S–I–S Josephson junction with a correlated insulator below its S–I transition

• We model an S–I–S junction, whose insulating layer is actually a superconductor below its S–I transition.
• We demonstrate that such a structure indeed behaves like a single Josephson junction.
• The coherence length diverges as the insulating layer approaches its S–I transition
• The model may describe so-called Cooper pair insulators studied in some experiments.

We consider a Josephson junction composed of two superconducting (S) regions separated by an insulating (I) region, but with the special property that the S and the I regions are superconducting films respectively above and below the superconducting–insulating (S–I) transition. To calculate the properties of this junction, we describe the system using an inhomogeneous quantum rotor Hamiltonian with a coupling energy J and spatially varying charging energy U  . The ratio J/UJ/U is chosen so that it is above the critical value for an S–I transition in the two superconducting regions, but below it in the insulating regime.
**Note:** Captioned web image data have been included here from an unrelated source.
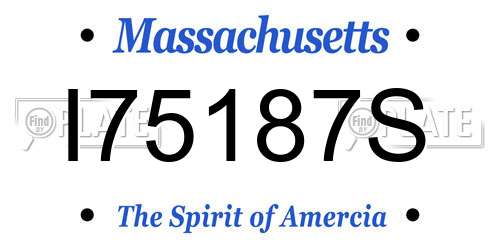 I75187S Massachusetts License Plate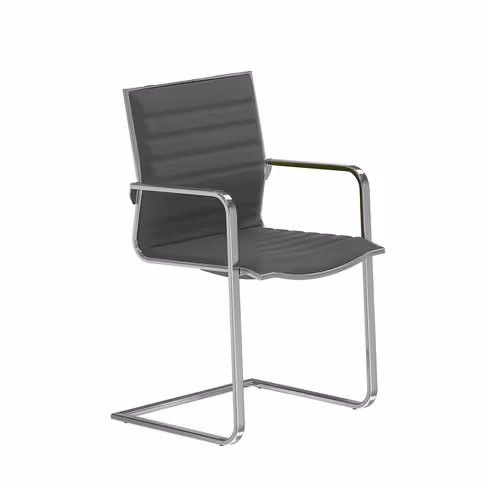 Fauteuil visiteur luge Lira - tissu - accoudoirs fixes et piétement chromé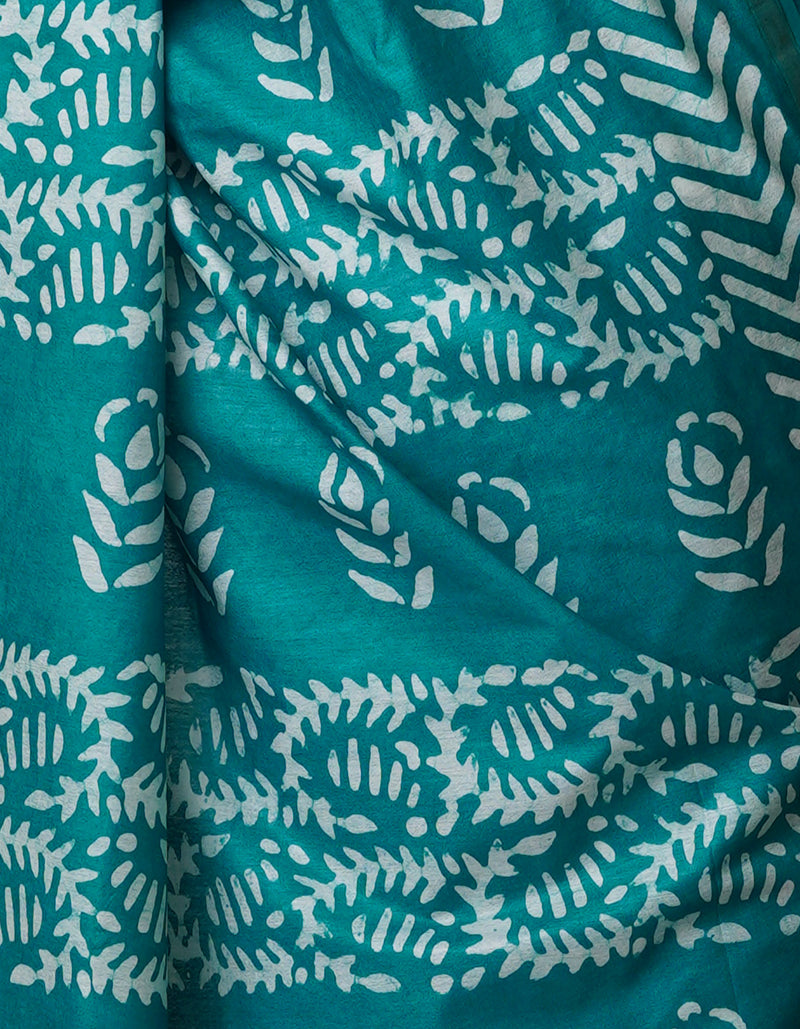 Turquoise Blue Pure  Batik Chanderi Silk Saree-UNM70089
Using both mean-field theory and perturbation theory, we show that the phase order parameter is finite in the S region and decays exponentially into the I region. Thus, the order parameter, which would be zero in the I region in isolation, is instead rendered nonzero by the adjacent S region, because of a proximity effect. As a result, there is a nonzero coupling energy between the two S regions. We show, using both mean-field theory and a quantum Monte Carlo calculation, that the phase stiffness constant, or helicity modulus, of this junction is nonzero, and falls off exponentially with separation of the two superconductors. We also analytically estimate the dependence of the coupling energy on the properties of the S and I regions, and suggest an analogy with conventional S–N–S junctions. Our results support the conclusion that this S–I–S sandwich structure, with a correlated insulating region, can be viewed as a single effective Josephson junction.